Since time immemorial, indigenous peoples around the world have developed knowledge systems to ensure their continued survival in their respective territories. These knowledge systems have always been dynamic such that they could meet new challenges. Yet, since the so-called enlightenment period, these knowledges have been supplanted by the Western enlightenment science or colonial science hegemony and arrogance such that in many cases they were relegated to the periphery. Some Euro-centric scholars even viewed indigenous knowledge as superstitious, irrational and anti-development.
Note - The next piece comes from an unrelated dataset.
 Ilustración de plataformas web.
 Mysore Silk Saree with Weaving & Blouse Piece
This erroneous view has, since the colonial period, spread like veld fire to the extent of being internalised by some political elites and Euro-centric academics of Africa and elsewhere. However, for some time now, the potential role that indigenous peoples and their knowledge can play in addressing some of the global problems haunting humanity across the world is increasingly emerging as part of international discourse. This book presents an interesting and insightful discourse on the state and role that indigenous knowledge can play in addressing a tapestry of problems of the world and the challenges connected with the application of indigenous knowledge in enlightenment science-dominated contexts. The book is not only useful to academics and students in the fields of indigenous studies and anthropology, but also those in other fields such as environmental science, social and political ecology, development studies, policy studies, economic history, and African studies.